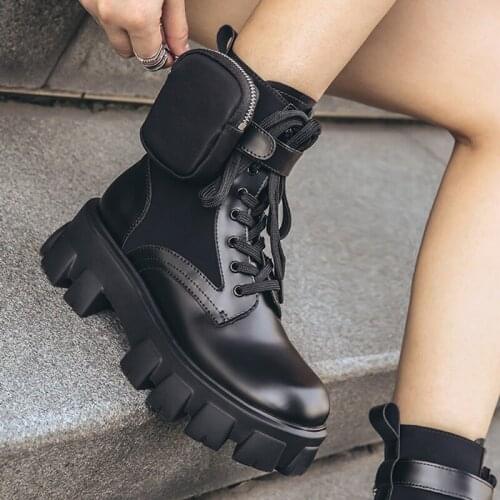 Black Punk Thick-Soled Motorcycle Boots Womens Lace-Up Chunky Heel Martin Boots British Style Waterproof Platform Womens Boots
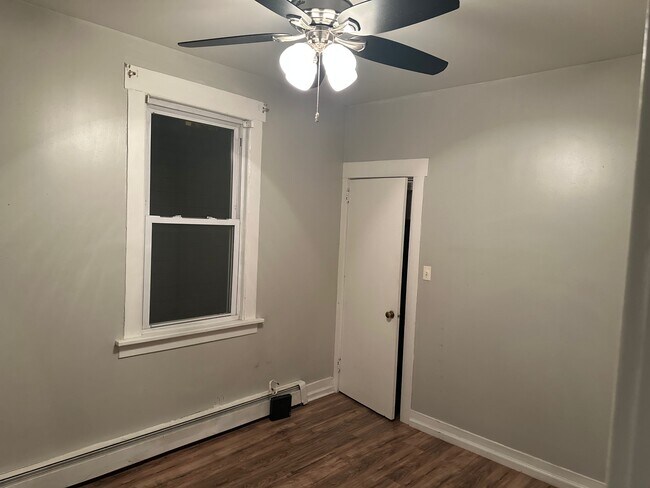 20 E Henry St unit 1, Linden, NJ 07036 - photo 4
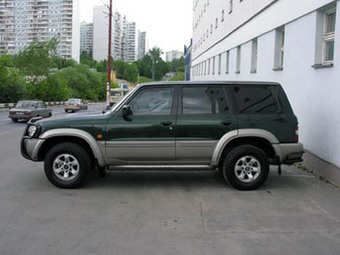 1998 Nissan Patrol Photos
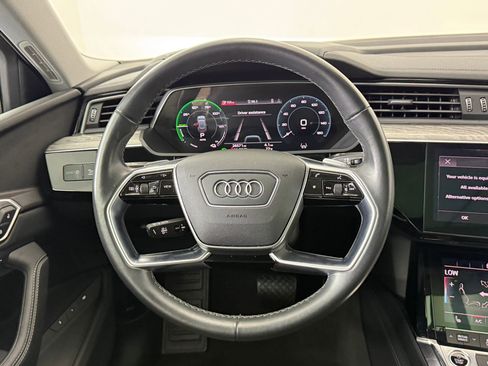 Certified 2022 Audi e-tron Premium w/ Convenience Plus Package image 18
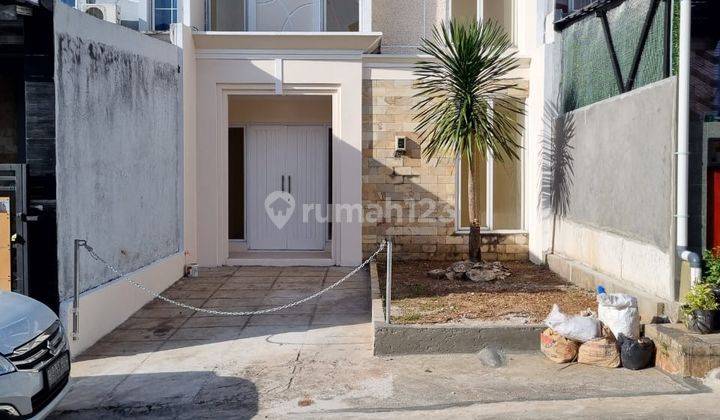 Rumah modern minimalist di Grand Depok City Cluster Akasia 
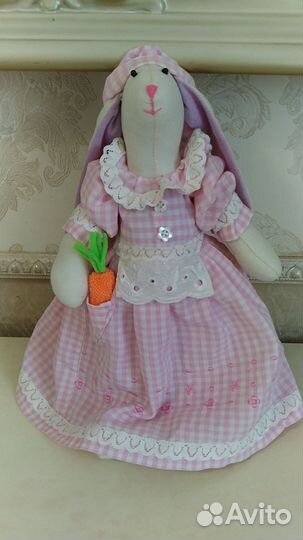 Кукла Заинька с морковкой и зайчонком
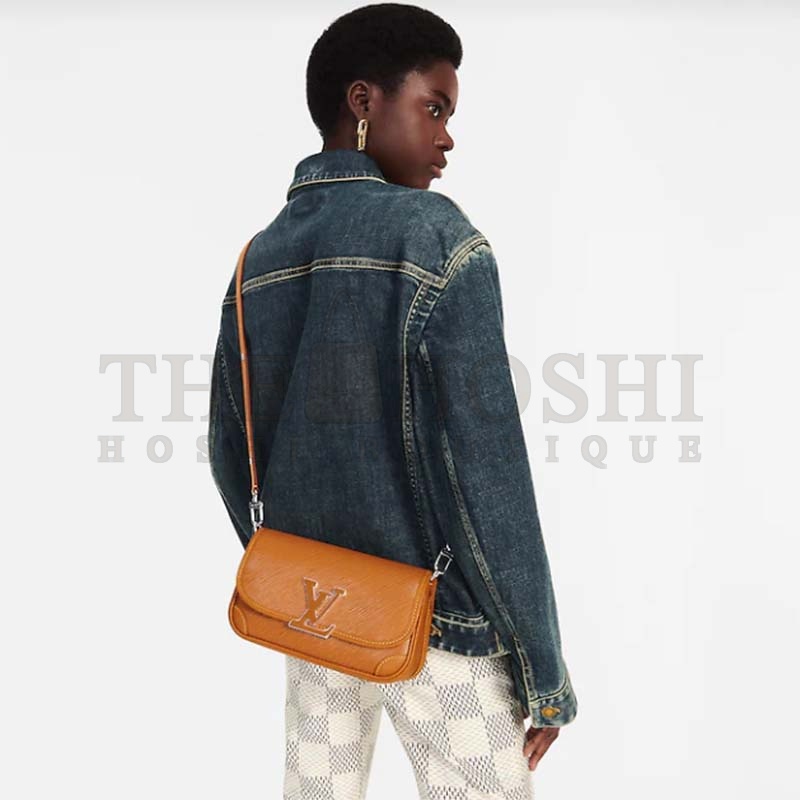L0vis Vvtt0n LV Women Buci Crossbody Brown Epi Grained Smooth Cowhide Leather Master Quality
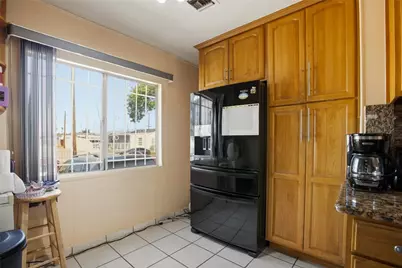 514 W 102nd St, Los Angeles, CA 90044 - Photo 11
————————
__EXERCISE__. Pictures stay out of this copy; write out the entries above exactly.

__RESPONSE TO THIS EXERCISE__.
 Black Punk Thick-Soled Motorcycle Boots Womens Lace-Up Chunky Heel Martin Boots British Style Waterproof Platform Womens Boots
 20 E Henry St unit 1, Linden, NJ 07036 - photo 4
 1998 Nissan Patrol Photos
 Certified 2022 Audi e-tron Premium w/ Convenience Plus Package image 18
 Rumah modern minimalist di Grand Depok City Cluster Akasia 
 Кукла Заинька с морковкой и зайчонком
L0vis Vvtt0n LV Women Buci Crossbody Brown Epi Grained Smooth Cowhide Leather Master Quality
 514 W 102nd St, Los Angeles, CA 90044 - Photo 11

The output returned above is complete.